Développé à partir de la seconde moitié du XIXe siècle, en même temps que le tourisme de luxe, l’art des jardins dans les Alpes-Maritimes se dessine entre exotisme, régionalisme et  éclectisme, dans des domaines somptueux et variés.

Une forte charge d'exotisme

Doté d'un climat exceptionnel, qui associe des hivers doux à une forte humidité atmosphérique toute l'année, le littoral des Alpes-Maritimes favorise l'introduction de végétaux exotiques. Dès le milieu du XIXe siècle, botanistes et jardiniers acclimatent des centaines d'espèces venues de tout l'hémisphère Sud; ils transforment ainsi la Riviera en un véritable Eden subtropical qui se couvre d'aloès, d'oiseaux de paradis, d'hibiscus... et où s'invite partout le palmier, devenu l'arbre emblématique de la région.

Les jardins d'essais sont ainsi l'œuvre de savants naturalistes pour acclimater ces végétaux, tel le botaniste Gustave Thuret  qui s'installe au cap d'Antibes en 1855 où il introduit en quantité plantes et arbres de pays chauds parmi lesquels les premiers eucalyptus venus d'Australie.
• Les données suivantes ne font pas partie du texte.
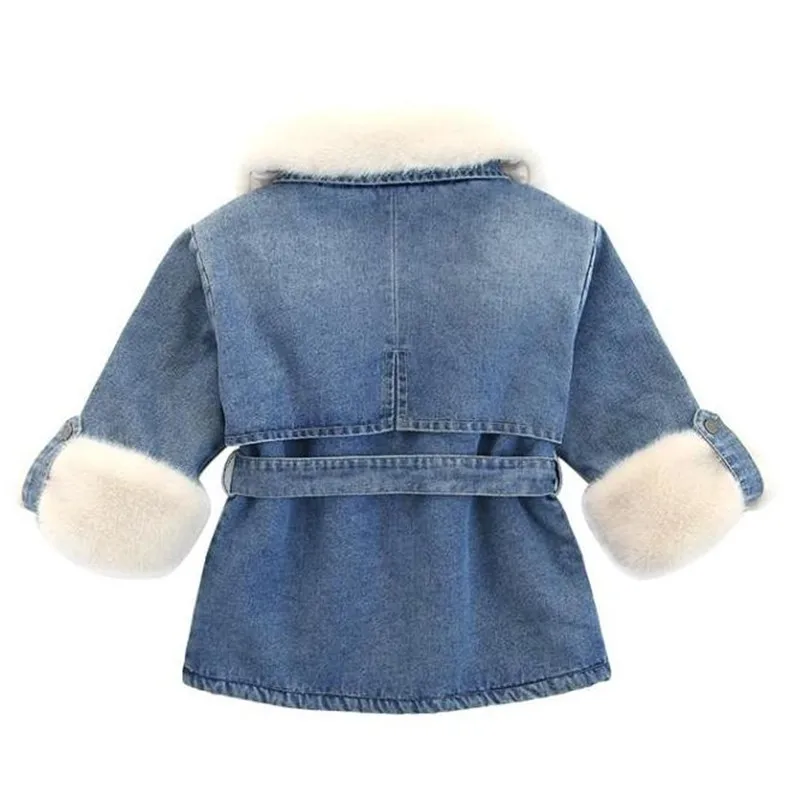 Одежда для маленьких девочек Для Пальто Куртки с меховым воротником Сезон осень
Rattaché au réseau national de recherche agricole dès 1927, le site de trois hectares présente plus de 3000 espèces acclimatées naturellement (sans serre ou traitements).

Jardin botanique villa Thuret Antibes

Le jardin de la ville Thuret présente un intérêt patrimonial incontestable, créé il y a plus de 150 ans, est aujourd’hui au cœur des problématiques environnementales qui traversent notre société : aménagement du territoire et écologie urbaine, biodiversité et conservation du patrimoine végétal, développement durable, adaptation au changement climatique.

De même, le jardin du palais de Carnolès à Menton, d'abord demeure des princes de Monaco, est un centre d'acclimatation et de recherches spécialisé dans les agrumes, et ce depuis 1997.

Palais Carnolès, Menton

Le Palais de Carnolès est le musée des Beaux-Arts de Menton depuis 1977, il expose les tableaux de la collection Wakefield-Mori (du Moyen Âge à la Première École de Paris) et il est dépositaire des œuvres achetées ou offertes par les artistes lors des 13 Biennales de Menton (entre 1951 et 1980).
C'est un bâtiment classé monument historique, pour son architecture néo-classique due à H-G. Tersling. Il est ceint d'un jardin remarquable, conservatoire d'agrumes.

A la Belle Epoque, les riches hivernants conçoivent autour de leurs riches villas des jardins sur le modèle paysager ou composite, reflétant une idée du paradis aperçu lors des voyages et du Grand Tour.
Ainsi à Saint-Jean-Cap-Ferrat la villa des Cèdres, acquise par le roi Léopold II en 1900, acquiert son nom de la famille Marnier-Lapostolle qui y collectionne dès les années 1920 des plantes du monde entier sur près de quinze hectares où 12 000 espèces environ se côtoient désormais.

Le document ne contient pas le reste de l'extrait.